However, I see programming becoming more of a DIY thing. In fact, one might
argue that it started out as DIY, with scientists and engineers hacking
software for their own use. Still, the task of building non trivial software,
based on off the shelf tools or custom made, will need professional
programmers (aka software engineers), much like how despite people
increasingly DIYing many things there still are carpenters, electricians,
automechanics, tailors etc. So I would say there will be more.

About excellent programmers, I don't think everyone can agree on what
parameters constitute excellence, and it is quite arbitrary, so that part of
the debate will rage on even in the future.

------
cauterized
How far in the future?

We're a long way from AI or building-block platforms being able to replace
programmers in any meaningful sense. Or from demand for custom-built software
tapering off. Over the next 2-3 decades we'll see more and more software
engineers employed.

But in the long run, yes, AI will replace almost all of us (assuming we don't
do something dumb like submerge the planet in nuclear winter before then). How
long? Wish I knew. Probably less than two centuries.

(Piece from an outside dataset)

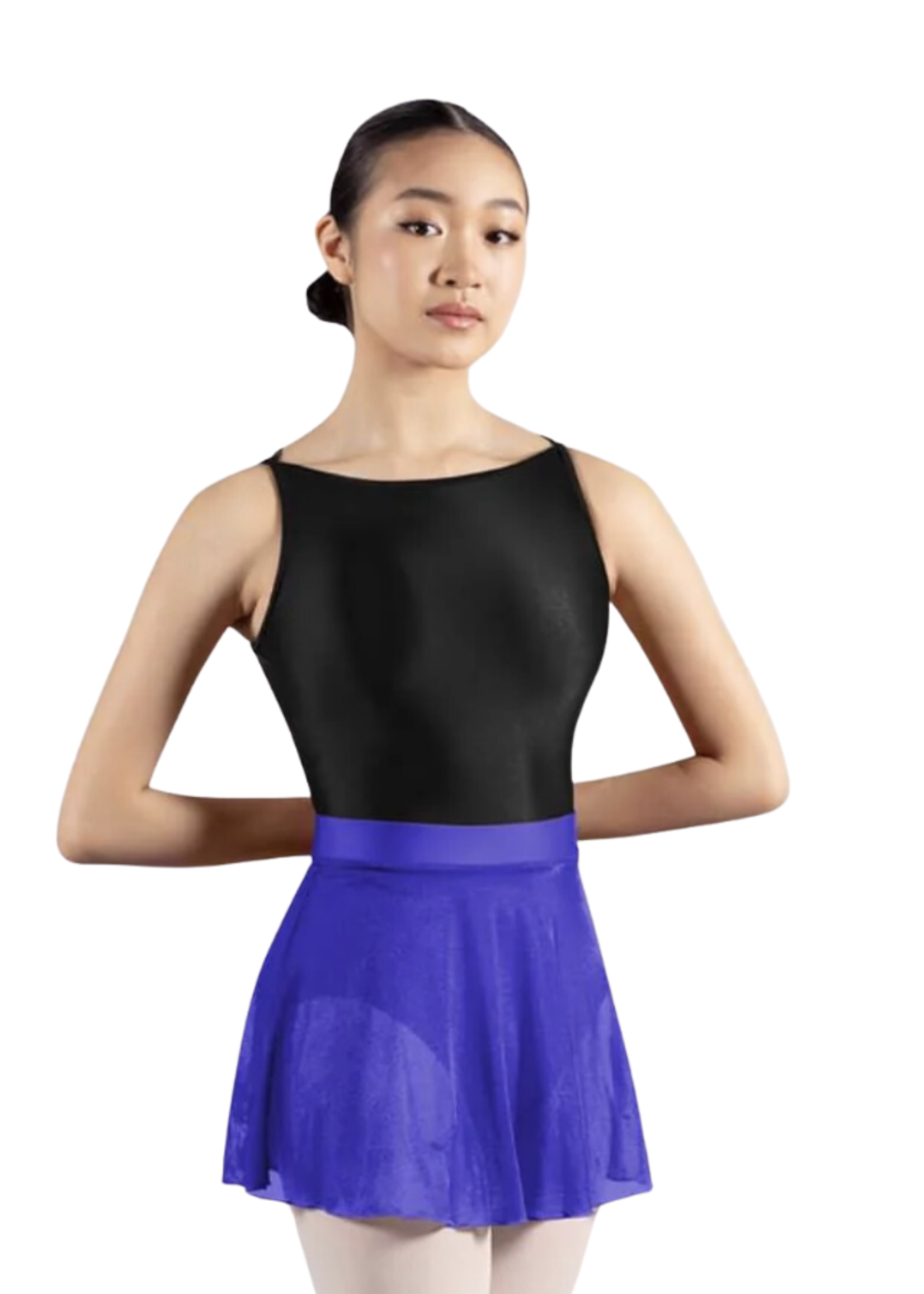 BLOCH GLOW MESH SKIRT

Any time frame in between then? It's difficult to impossible to know how long
the process of developing AI that powerful will take, how long it will be
until it's cheap enough to handle most demand for software, or when the
inflection point will be in terms of employment.

------
eb0la
I guess coding will be more common over time; but people coding will not be
calling themselves "programmers": their main job function will be something
different (like marketing, sales, or customer service).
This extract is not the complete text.